Unesco has added the French baguette to its list of world heritage treasures. After the decision was announced, President Macron declared the baguette is “250g of magic and perfection in our daily lives”. On this side of the Channel in a land of granary loaves and Hovis, the long white and crusty French loaf is seen as an occasional treat, for good reasons. There is probably no French version of the English granny's old advice: “The whiter your bread, the sooner you're dead.”
According to a survey, almost half of drivers avoid using the left-hand lane of “smart” (for smart, read lethal) motorways. The RAC points out that this completely undermines the logic behind turning the hard shoulder into a carriageway, to boost road capacity. So why do so many drivers shun the lane? Most of those questioned said it was to avoid running into stationary vehicles. Which suggests most drivers are a damn sight smarter than some experts.

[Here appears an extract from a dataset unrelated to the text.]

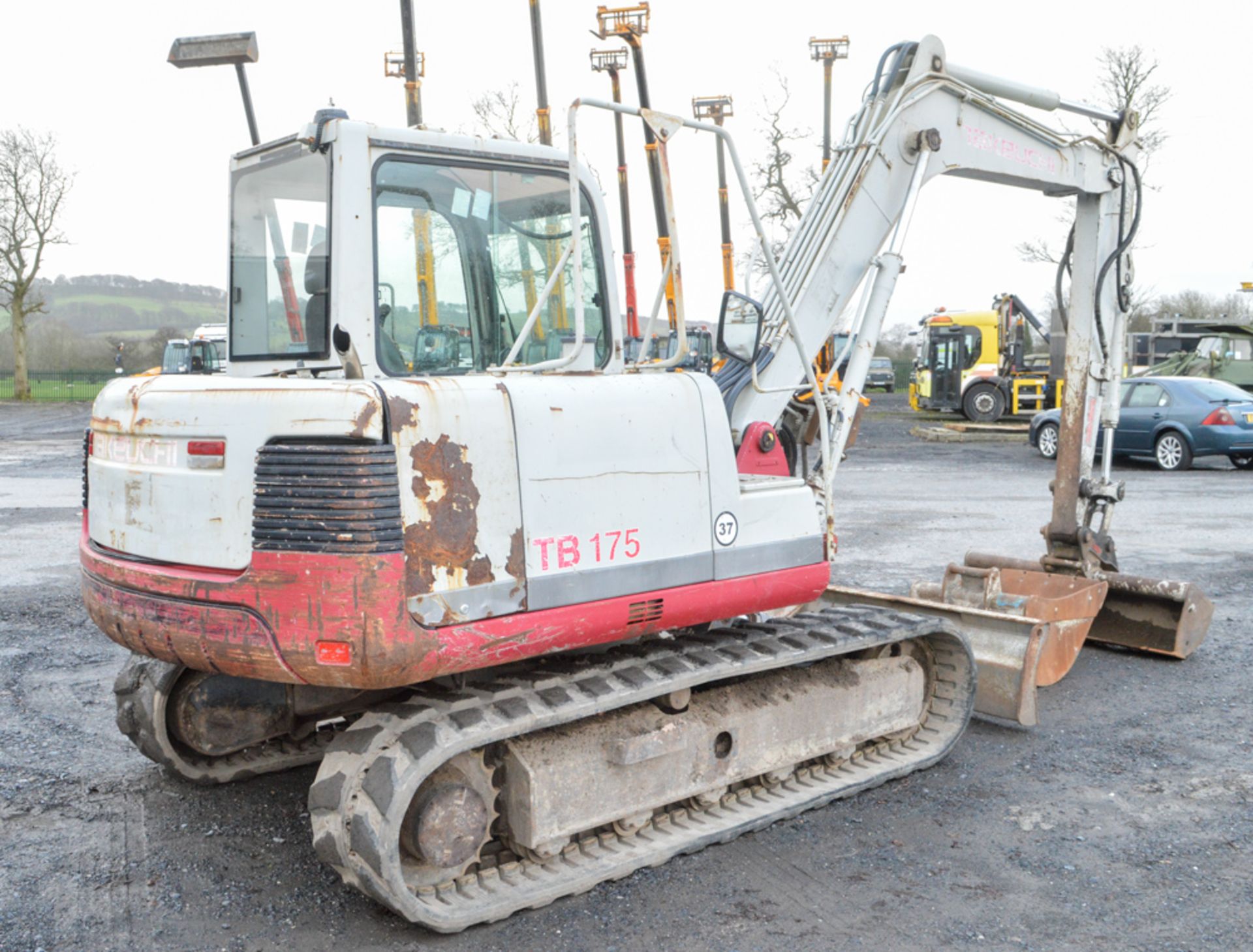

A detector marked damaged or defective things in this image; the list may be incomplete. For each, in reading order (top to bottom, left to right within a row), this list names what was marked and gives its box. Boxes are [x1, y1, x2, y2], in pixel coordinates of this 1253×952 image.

Twenty years after Love Actually appeared, screenwriter Richard Curtis admits the “lack of diversity” embarrasses him. As well it might. I seem to recall back in 2003 a number of us were puzzled to see barely a black or brown face in the movie. After all, isn't Notting Hill the place where they have some sort of festival? Anyway, better late than never. Curtis says the film now makes him feel “uncomfortable and a bit stupid” But also very, very rich, I dare say.
My reader with a fondness for reciting poetry recommends two stirring poems, Mandalay and the Night Mail. At this time of year I polish up Kipling's wonderful little nativity poem, Eddi's Service. It contrasts the reluctance of humans to go to church at Christmas with the thankfulness of a storm-drenched ox and ass, grateful to find shelter in a chapel. A perfect Xmas story.